Would you transcribe exactly the lines below, starting at the one that contains "عربستان این‌بار هم زیر قولش زد" and ending with the last line, both included? Leave out all other lines.

# DATA IN THIS EXERCISE
= Beginning of Section =
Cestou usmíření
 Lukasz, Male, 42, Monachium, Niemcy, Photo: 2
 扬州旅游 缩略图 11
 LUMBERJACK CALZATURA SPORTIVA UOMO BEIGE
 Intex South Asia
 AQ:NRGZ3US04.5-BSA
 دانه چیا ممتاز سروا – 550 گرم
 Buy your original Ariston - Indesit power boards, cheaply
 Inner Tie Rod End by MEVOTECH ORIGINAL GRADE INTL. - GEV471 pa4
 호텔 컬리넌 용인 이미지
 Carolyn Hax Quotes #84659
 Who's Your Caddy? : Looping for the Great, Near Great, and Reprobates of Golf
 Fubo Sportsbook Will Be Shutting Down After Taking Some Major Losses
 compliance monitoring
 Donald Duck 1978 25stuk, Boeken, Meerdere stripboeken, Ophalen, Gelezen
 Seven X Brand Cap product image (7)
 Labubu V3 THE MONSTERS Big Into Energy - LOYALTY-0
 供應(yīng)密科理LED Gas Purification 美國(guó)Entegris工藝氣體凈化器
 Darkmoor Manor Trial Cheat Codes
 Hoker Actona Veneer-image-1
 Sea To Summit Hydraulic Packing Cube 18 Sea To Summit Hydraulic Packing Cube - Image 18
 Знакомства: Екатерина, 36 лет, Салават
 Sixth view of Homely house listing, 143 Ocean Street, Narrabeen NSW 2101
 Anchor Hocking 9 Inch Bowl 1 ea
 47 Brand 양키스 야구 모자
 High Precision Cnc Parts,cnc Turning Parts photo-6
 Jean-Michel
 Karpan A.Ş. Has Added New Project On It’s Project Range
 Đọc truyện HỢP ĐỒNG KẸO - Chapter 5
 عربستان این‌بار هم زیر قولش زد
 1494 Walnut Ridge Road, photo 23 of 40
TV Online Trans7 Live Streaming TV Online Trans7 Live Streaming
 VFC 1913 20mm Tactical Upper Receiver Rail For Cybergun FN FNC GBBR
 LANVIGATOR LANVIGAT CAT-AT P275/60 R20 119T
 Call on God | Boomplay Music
= End of Section =
# RESULT OF THE TASK
 عربستان این‌بار هم زیر قولش زد
 1494 Walnut Ridge Road, photo 23 of 40
TV Online Trans7 Live Streaming TV Online Trans7 Live Streaming
 VFC 1913 20mm Tactical Upper Receiver Rail For Cybergun FN FNC GBBR
 LANVIGATOR LANVIGAT CAT-AT P275/60 R20 119T
 Call on God | Boomplay Music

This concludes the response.